── Source material ──
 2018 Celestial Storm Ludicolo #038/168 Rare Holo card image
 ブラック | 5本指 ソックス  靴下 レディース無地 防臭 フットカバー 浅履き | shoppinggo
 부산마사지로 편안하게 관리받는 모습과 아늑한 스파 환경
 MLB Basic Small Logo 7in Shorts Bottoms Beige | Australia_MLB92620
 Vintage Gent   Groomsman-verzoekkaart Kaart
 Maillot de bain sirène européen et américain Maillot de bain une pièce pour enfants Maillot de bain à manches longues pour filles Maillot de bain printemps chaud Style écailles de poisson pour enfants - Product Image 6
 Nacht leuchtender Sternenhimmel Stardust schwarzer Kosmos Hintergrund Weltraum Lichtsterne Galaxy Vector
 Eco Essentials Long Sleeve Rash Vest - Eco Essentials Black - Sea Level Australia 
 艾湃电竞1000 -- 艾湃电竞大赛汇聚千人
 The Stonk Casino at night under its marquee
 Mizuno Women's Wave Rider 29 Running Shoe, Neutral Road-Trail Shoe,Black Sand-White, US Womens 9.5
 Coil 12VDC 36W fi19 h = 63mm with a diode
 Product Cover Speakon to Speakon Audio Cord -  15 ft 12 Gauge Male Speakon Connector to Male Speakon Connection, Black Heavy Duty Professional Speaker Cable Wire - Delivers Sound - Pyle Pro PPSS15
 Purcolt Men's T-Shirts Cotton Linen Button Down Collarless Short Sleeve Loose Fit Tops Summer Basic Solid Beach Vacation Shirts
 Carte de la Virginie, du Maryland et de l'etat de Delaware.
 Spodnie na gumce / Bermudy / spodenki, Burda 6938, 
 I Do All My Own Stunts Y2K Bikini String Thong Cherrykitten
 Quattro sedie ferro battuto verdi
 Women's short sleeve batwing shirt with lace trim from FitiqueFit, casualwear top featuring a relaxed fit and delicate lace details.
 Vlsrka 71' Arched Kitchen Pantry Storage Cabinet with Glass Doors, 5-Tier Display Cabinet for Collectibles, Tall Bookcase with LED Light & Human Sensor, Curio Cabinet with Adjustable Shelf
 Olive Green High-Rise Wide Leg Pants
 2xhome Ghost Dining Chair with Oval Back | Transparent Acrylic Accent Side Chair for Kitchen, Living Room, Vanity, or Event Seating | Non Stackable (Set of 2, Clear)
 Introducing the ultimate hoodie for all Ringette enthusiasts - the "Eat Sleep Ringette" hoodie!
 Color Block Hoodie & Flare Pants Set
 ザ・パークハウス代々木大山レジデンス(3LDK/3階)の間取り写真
───
● Task instructions
For this exercise, output all the data exactly as shown above.

● Your solution
 2018 Celestial Storm Ludicolo #038/168 Rare Holo card image
 ブラック | 5本指 ソックス  靴下 レディース無地 防臭 フットカバー 浅履き | shoppinggo
 부산마사지로 편안하게 관리받는 모습과 아늑한 스파 환경
 MLB Basic Small Logo 7in Shorts Bottoms Beige | Australia_MLB92620
 Vintage Gent   Groomsman-verzoekkaart Kaart
 Maillot de bain sirène européen et américain Maillot de bain une pièce pour enfants Maillot de bain à manches longues pour filles Maillot de bain printemps chaud Style écailles de poisson pour enfants - Product Image 6
 Nacht leuchtender Sternenhimmel Stardust schwarzer Kosmos Hintergrund Weltraum Lichtsterne Galaxy Vector
 Eco Essentials Long Sleeve Rash Vest - Eco Essentials Black - Sea Level Australia 
 艾湃电竞1000 -- 艾湃电竞大赛汇聚千人
 The Stonk Casino at night under its marquee
 Mizuno Women's Wave Rider 29 Running Shoe, Neutral Road-Trail Shoe,Black Sand-White, US Womens 9.5
 Coil 12VDC 36W fi19 h = 63mm with a diode
 Product Cover Speakon to Speakon Audio Cord -  15 ft 12 Gauge Male Speakon Connector to Male Speakon Connection, Black Heavy Duty Professional Speaker Cable Wire - Delivers Sound - Pyle Pro PPSS15
 Purcolt Men's T-Shirts Cotton Linen Button Down Collarless Short Sleeve Loose Fit Tops Summer Basic Solid Beach Vacation Shirts
 Carte de la Virginie, du Maryland et de l'etat de Delaware.
 Spodnie na gumce / Bermudy / spodenki, Burda 6938, 
 I Do All My Own Stunts Y2K Bikini String Thong Cherrykitten
 Quattro sedie ferro battuto verdi
 Women's short sleeve batwing shirt with lace trim from FitiqueFit, casualwear top featuring a relaxed fit and delicate lace details.
 Vlsrka 71' Arched Kitchen Pantry Storage Cabinet with Glass Doors, 5-Tier Display Cabinet for Collectibles, Tall Bookcase with LED Light & Human Sensor, Curio Cabinet with Adjustable Shelf
 Olive Green High-Rise Wide Leg Pants
 2xhome Ghost Dining Chair with Oval Back | Transparent Acrylic Accent Side Chair for Kitchen, Living Room, Vanity, or Event Seating | Non Stackable (Set of 2, Clear)
 Introducing the ultimate hoodie for all Ringette enthusiasts - the "Eat Sleep Ringette" hoodie!
 Color Block Hoodie & Flare Pants Set
 ザ・パークハウス代々木大山レジデンス(3LDK/3階)の間取り写真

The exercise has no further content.